## Problem
Without including any pictures, give back all of the data exactly.

## Data provided

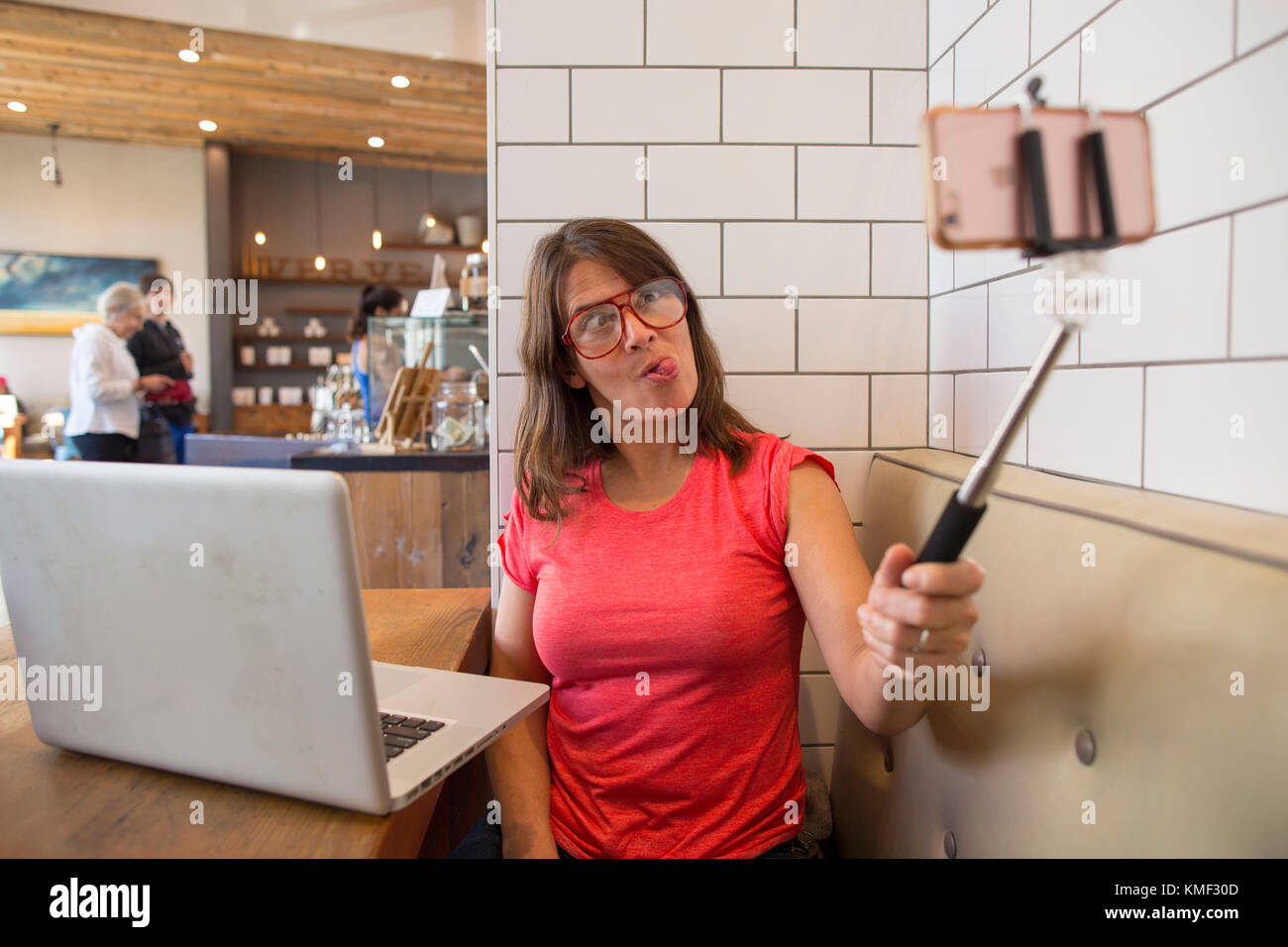 Woman making funny face while taking selfie in cafe with selfie stick,Santa Cruz,California,USA Stock Photo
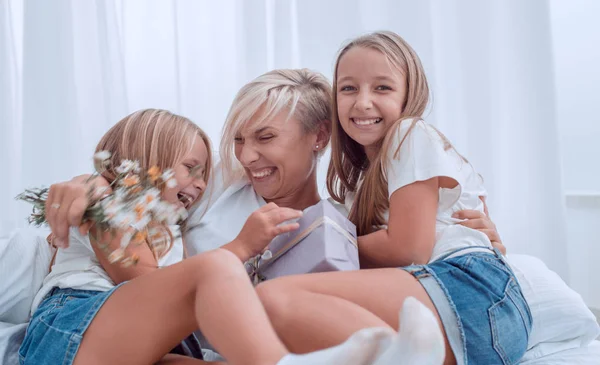 Mãe feliz com flores e presentes sentados com suas filhas na cama . — Fotografia de Stock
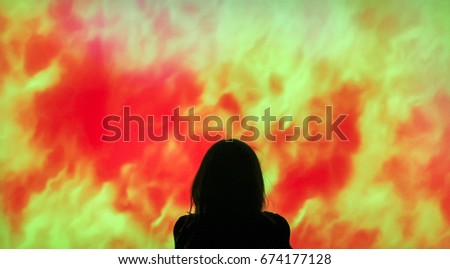 Little girl sits in front of tv watching flames. Child silhouette in front of tv.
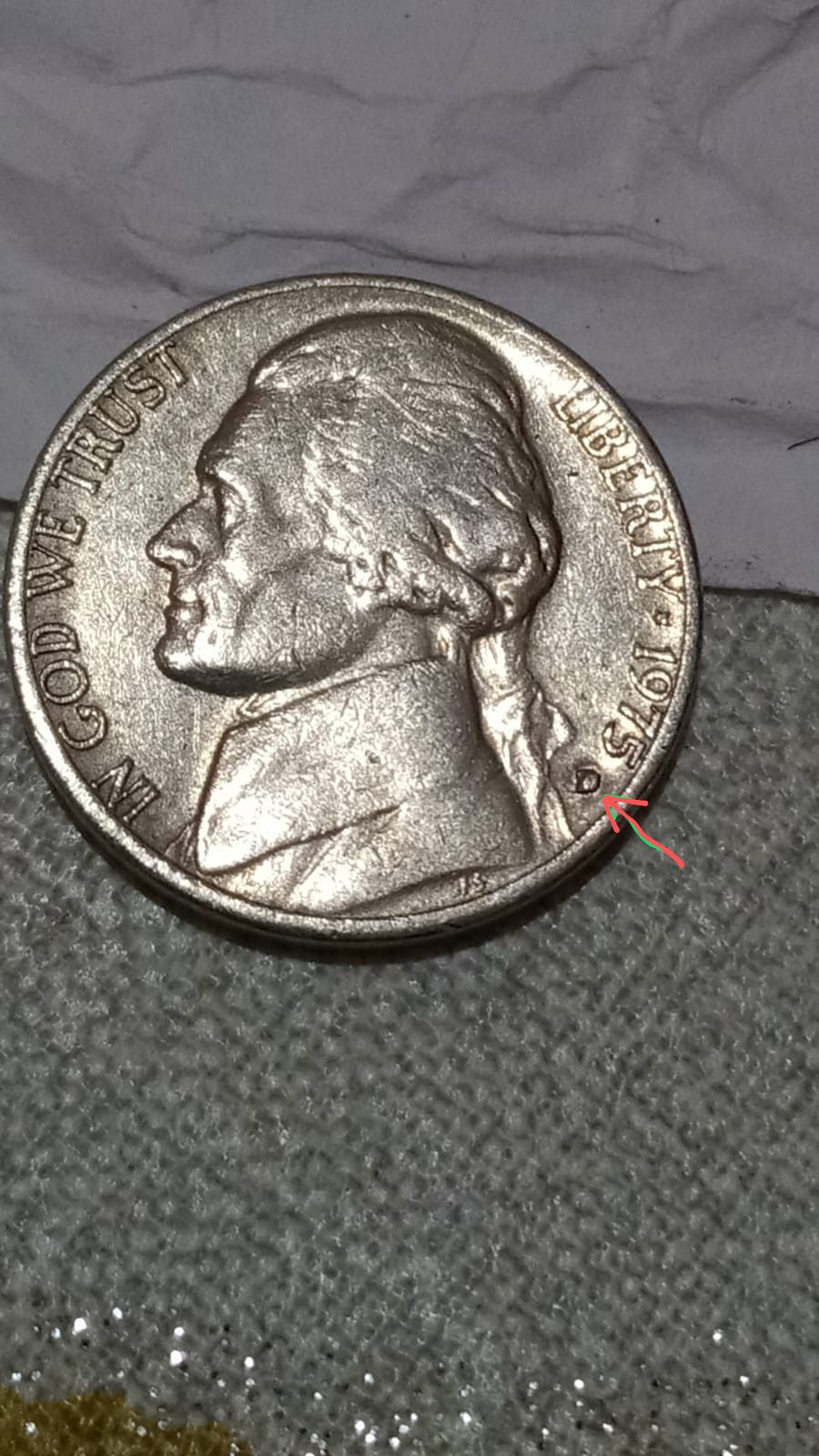 Were coins often engraved with names or numbers?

## Reply to the exercise
 Woman making funny face while taking selfie in cafe with selfie stick,Santa Cruz,California,USA Stock Photo
 Mãe feliz com flores e presentes sentados com suas filhas na cama . — Fotografia de Stock
 Little girl sits in front of tv watching flames. Child silhouette in front of tv.
 Were coins often engraved with names or numbers?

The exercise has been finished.